Ante esta pasividad, F. L. pide para ellos la expulsión en cumplimiento con la orden que el Papa firmó en junio del año pasado, en la que decretó que debían cesar de sus cargos de los eclesiásticos que oculten casos de abusos sexuales. «Hay mucho que investigar. Lo han sabido todos estos años. Todos los encubridores deberían ser expulsados. Me siguen ofendiendo».
Frente a esta ofensa, el agradecimiento por el respaldo de ex seminaristas de Astorga y La Bañeza, que han manifestado que fueron testigos de abusos cometido por Ramos Gordón y animan a otras víctimas a que den el paso y cuenten lo que les sucedió. «Es de una gratitud enorme que te apoyen, que se hayan movido conciencias, que aparezcan todos juntos. Es grande», comenta quien ya lo denunció previamente hace 28 años, al contárselo al rector Gregorio Rodríguez (ya fallecido) y a uno de los tutores (Javier Redondo de Paz), y no obtuvo respuesta.
Sólo silencio y represalias. «Consiguieron taparlo y sufrí lo que sufrí. Durante mucho tiempo pedimos auxilio y no sólo no nos lo dieron, sino que nos amargaron la existencia. Fue insoportable».
F. L. se refiere a cuando estuvo en el Seminario Menor de La Bañeza y padeció los abusos, pero, también, a los dos siguientes cursos, primero y segundo de BUP, en el Seminario Mayor de Astorga, donde asegura que vivió «maltrato psicológico» por haber hablado.

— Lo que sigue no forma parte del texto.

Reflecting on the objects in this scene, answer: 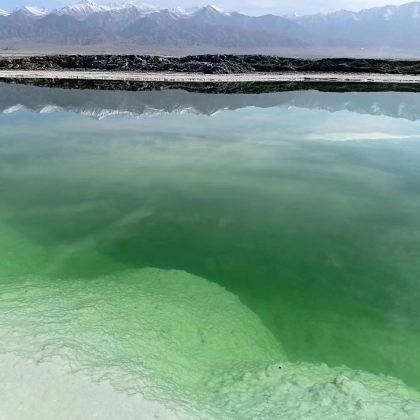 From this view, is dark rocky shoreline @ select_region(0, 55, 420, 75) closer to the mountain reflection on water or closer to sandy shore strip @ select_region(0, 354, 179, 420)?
the mountain reflection on water

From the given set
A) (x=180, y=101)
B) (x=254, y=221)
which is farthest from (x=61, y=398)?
(x=180, y=101)

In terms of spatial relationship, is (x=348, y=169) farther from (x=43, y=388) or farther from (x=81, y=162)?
(x=43, y=388)

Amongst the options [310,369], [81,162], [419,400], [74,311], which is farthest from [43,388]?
[81,162]

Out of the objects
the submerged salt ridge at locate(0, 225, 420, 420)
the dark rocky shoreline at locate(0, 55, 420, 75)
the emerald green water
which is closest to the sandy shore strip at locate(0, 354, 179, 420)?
the submerged salt ridge at locate(0, 225, 420, 420)

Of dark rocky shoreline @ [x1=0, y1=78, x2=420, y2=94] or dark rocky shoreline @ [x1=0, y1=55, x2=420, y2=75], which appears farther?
dark rocky shoreline @ [x1=0, y1=55, x2=420, y2=75]

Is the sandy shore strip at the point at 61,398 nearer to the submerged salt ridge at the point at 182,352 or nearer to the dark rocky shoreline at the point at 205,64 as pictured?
the submerged salt ridge at the point at 182,352

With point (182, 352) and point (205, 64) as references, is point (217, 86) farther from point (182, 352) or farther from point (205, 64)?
point (182, 352)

«Eso era el infierno», cuenta sobre aquellos días quien ya es padre de familia, y reconoce que aún «ese horror» le persigue. «A veces es como si mi cabeza siguiera allí».
Todavía recuerda aquella cara. «Su rostro de pavor». Su hermano le contó que José Manuel Ramos Gordón «se metía en la cama con él, le hacía cosas y le tocaba». Le creyó. Ese pánico no se finge. «A las dos noches me tocó a mí».
Entonces comenzó «el miedo», algunas horas «escondidos en el baño» para evitar que los pillara en la cama, tratando de zafarse del pederasta, aunque muchas no lo lograban; las mañanas dormidos «encima del pupitre por estar agotados por no poder descansar» y los días cargados de temor hacia la noche. «Entraba en los dormitorios cuando le daba la gana. Muchas veces se ponía de rodillas, a veces tardaba poco y otras más, pero era horrible e interminable. Aveces me vienen imágenes. Eso tan terrible no se olvida. Éramos sólo unos chavales».